(Scraped caption text data)
:::

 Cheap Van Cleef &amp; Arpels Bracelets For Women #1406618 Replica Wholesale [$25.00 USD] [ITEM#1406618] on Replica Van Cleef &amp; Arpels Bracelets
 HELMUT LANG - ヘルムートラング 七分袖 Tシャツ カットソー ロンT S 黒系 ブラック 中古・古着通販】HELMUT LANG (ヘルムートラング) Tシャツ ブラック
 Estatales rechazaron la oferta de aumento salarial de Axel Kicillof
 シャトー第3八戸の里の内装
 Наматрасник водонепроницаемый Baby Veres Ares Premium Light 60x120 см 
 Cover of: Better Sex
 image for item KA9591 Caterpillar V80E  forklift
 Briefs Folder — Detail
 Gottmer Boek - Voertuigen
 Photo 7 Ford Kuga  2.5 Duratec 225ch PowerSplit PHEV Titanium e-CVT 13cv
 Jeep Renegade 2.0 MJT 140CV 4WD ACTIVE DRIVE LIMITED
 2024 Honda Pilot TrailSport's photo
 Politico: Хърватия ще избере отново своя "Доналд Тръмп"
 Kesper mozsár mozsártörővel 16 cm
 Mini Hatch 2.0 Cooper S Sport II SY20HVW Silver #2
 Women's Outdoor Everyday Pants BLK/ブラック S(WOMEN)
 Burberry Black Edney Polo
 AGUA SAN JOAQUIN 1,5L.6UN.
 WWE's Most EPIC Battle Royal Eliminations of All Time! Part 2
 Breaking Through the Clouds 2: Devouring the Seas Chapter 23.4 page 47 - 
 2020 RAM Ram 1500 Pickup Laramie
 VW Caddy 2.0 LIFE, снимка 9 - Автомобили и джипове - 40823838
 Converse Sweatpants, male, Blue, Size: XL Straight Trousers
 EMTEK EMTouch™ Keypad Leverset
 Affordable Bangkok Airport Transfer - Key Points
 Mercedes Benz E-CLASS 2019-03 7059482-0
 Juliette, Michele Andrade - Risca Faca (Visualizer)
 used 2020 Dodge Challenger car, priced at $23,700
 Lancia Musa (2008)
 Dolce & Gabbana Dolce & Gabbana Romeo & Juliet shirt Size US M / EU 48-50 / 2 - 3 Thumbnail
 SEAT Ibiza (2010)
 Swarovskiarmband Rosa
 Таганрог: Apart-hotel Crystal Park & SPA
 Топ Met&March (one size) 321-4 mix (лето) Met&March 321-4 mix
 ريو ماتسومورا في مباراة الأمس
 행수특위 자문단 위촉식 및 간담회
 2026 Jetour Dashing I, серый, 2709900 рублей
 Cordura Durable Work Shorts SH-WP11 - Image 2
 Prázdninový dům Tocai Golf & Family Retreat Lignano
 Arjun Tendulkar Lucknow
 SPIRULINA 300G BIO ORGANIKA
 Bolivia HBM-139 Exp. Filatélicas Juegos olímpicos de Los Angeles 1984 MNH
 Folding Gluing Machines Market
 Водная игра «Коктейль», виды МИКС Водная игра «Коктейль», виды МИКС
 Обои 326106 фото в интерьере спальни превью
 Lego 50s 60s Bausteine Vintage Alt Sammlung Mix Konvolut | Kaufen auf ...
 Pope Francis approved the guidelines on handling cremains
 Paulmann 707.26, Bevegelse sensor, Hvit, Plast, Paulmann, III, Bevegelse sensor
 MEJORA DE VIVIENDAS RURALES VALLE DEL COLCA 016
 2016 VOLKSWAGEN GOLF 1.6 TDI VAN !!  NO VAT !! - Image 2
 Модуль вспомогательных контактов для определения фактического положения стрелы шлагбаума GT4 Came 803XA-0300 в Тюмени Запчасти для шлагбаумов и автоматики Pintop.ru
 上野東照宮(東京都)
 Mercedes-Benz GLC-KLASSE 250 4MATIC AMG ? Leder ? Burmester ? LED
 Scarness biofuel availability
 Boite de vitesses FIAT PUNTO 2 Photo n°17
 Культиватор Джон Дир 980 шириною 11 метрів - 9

:::

(WORK INSTRUCTION) Reproduce, exactly as they stand in the data above, the lines from the one that holds "Juliette, Michele Andrade" to the one that holds "Pope Francis approved", inclusive.

(PROBLEM SOLUTION)
 Juliette, Michele Andrade - Risca Faca (Visualizer)
 used 2020 Dodge Challenger car, priced at $23,700
 Lancia Musa (2008)
 Dolce & Gabbana Dolce & Gabbana Romeo & Juliet shirt Size US M / EU 48-50 / 2 - 3 Thumbnail
 SEAT Ibiza (2010)
 Swarovskiarmband Rosa
 Таганрог: Apart-hotel Crystal Park & SPA
 Топ Met&March (one size) 321-4 mix (лето) Met&March 321-4 mix
 ريو ماتسومورا في مباراة الأمس
 행수특위 자문단 위촉식 및 간담회
 2026 Jetour Dashing I, серый, 2709900 рублей
 Cordura Durable Work Shorts SH-WP11 - Image 2
 Prázdninový dům Tocai Golf & Family Retreat Lignano
 Arjun Tendulkar Lucknow
 SPIRULINA 300G BIO ORGANIKA
 Bolivia HBM-139 Exp. Filatélicas Juegos olímpicos de Los Angeles 1984 MNH
 Folding Gluing Machines Market
 Водная игра «Коктейль», виды МИКС Водная игра «Коктейль», виды МИКС
 Обои 326106 фото в интерьере спальни превью
 Lego 50s 60s Bausteine Vintage Alt Sammlung Mix Konvolut | Kaufen auf ...
 Pope Francis approved the guidelines on handling cremains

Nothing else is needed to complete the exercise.